■ Exercise details
Write out exactly, and only, the lines below from the line with "としまえんフィッシングエリア 釣果" through the line with "Mädchen spielt Prinzessin"; pictures do not belong in the copy.

■ Provided data
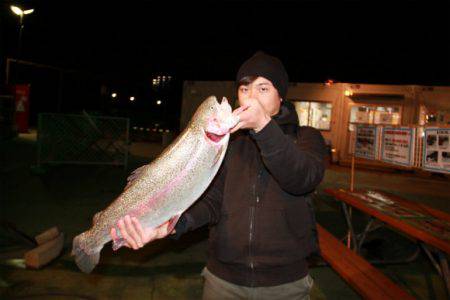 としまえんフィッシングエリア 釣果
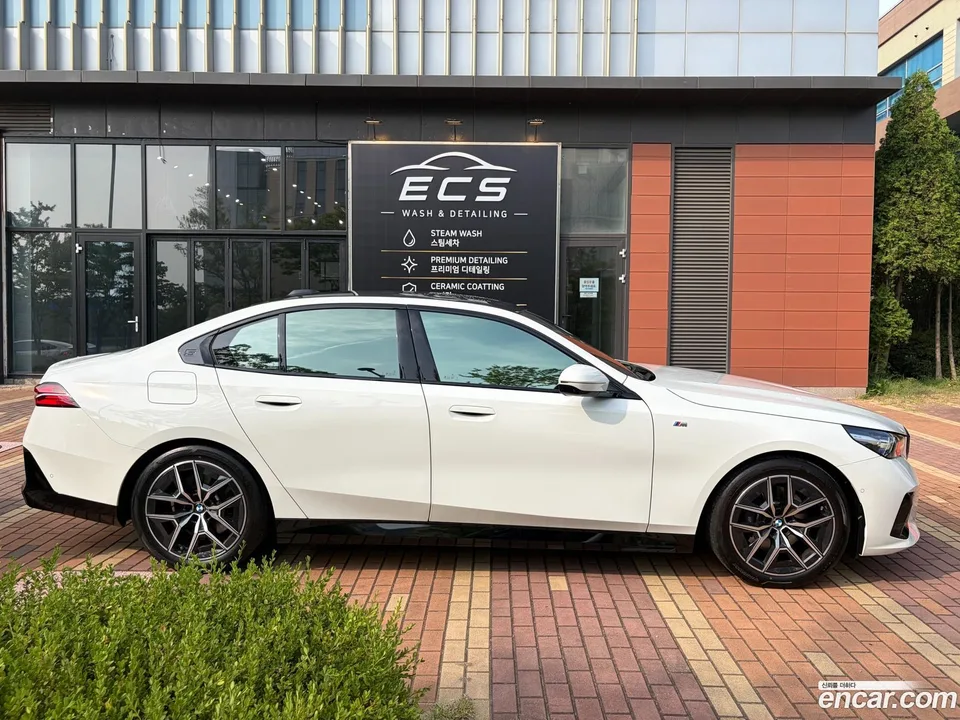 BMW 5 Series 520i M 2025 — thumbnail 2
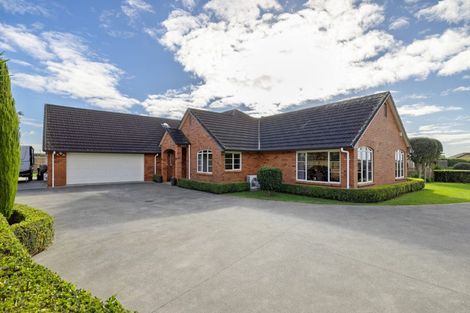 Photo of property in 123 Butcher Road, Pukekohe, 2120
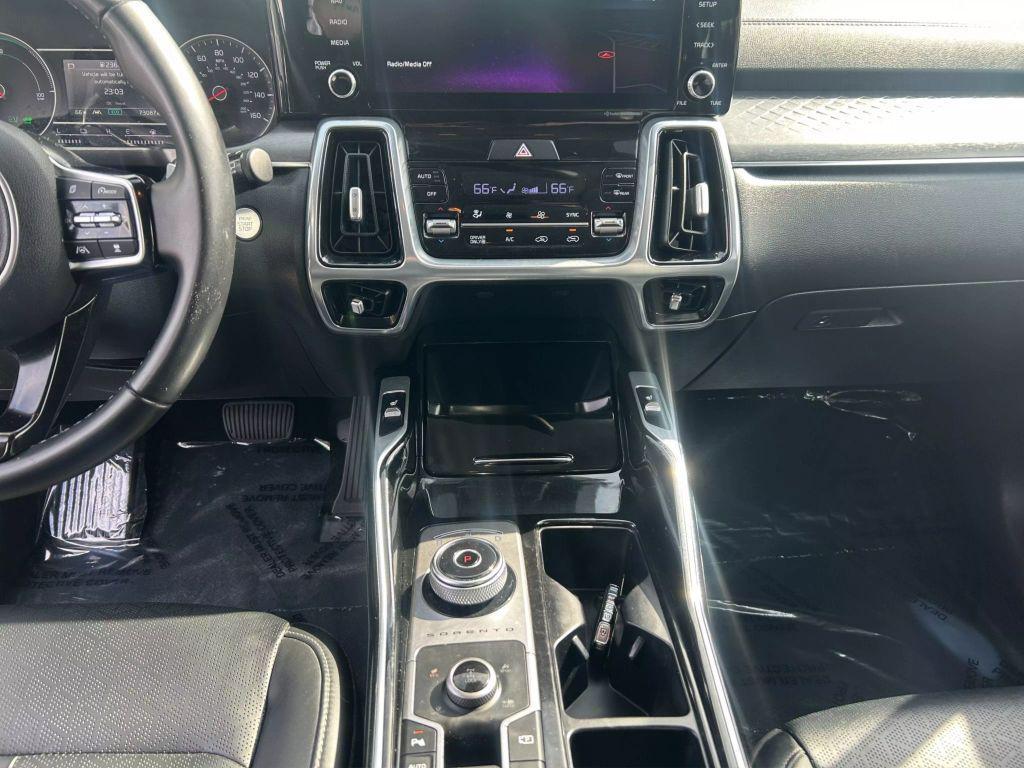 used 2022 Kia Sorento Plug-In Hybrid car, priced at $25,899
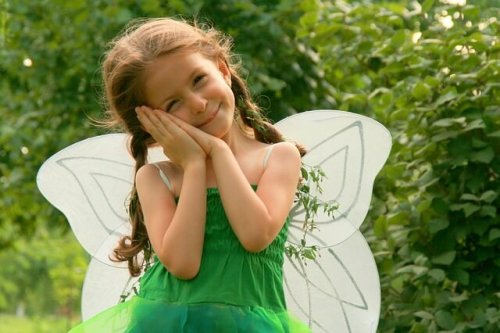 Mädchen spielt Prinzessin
==
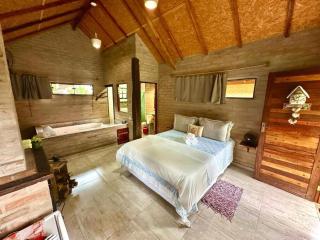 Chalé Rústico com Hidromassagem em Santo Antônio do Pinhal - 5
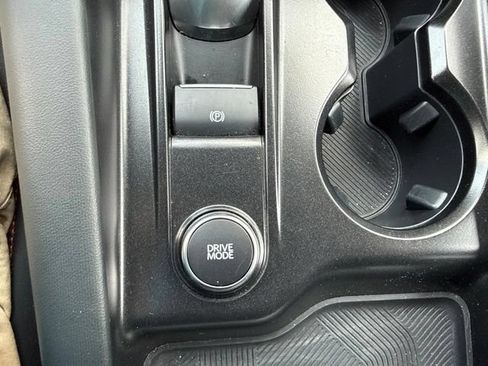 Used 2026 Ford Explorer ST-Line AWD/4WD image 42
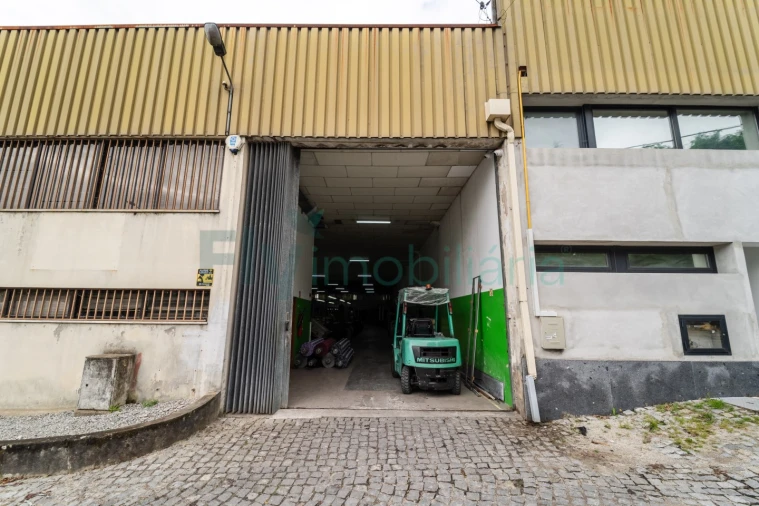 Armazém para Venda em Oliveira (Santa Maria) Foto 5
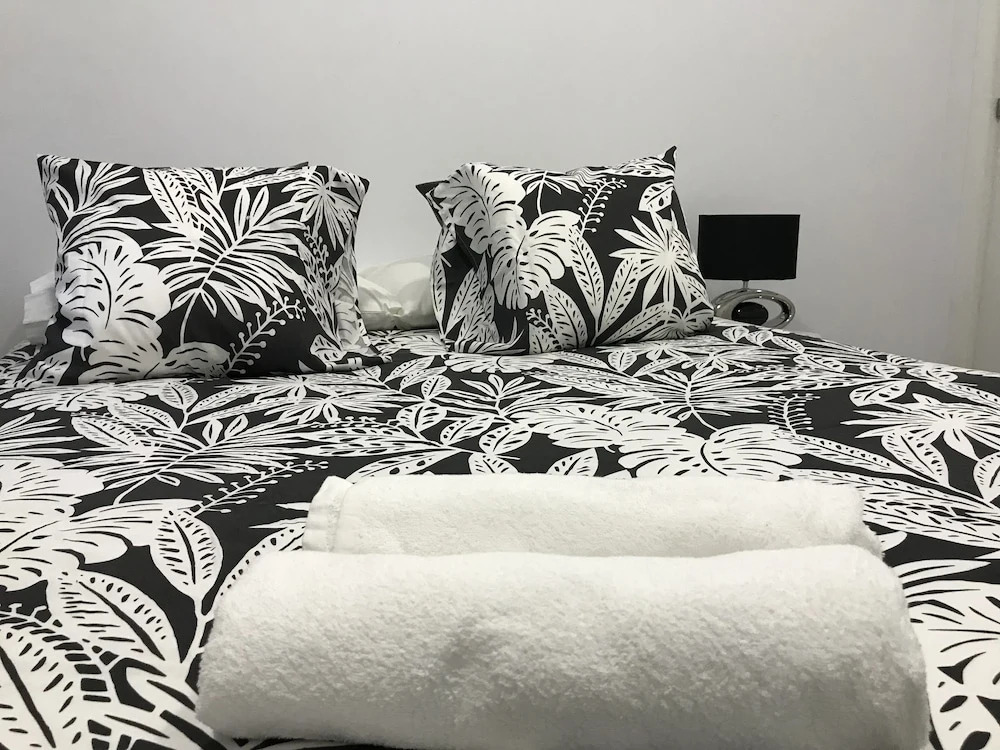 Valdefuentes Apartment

■ Output
 としまえんフィッシングエリア 釣果
 BMW 5 Series 520i M 2025 — thumbnail 2
 Photo of property in 123 Butcher Road, Pukekohe, 2120
 used 2022 Kia Sorento Plug-In Hybrid car, priced at $25,899
 Mädchen spielt Prinzessin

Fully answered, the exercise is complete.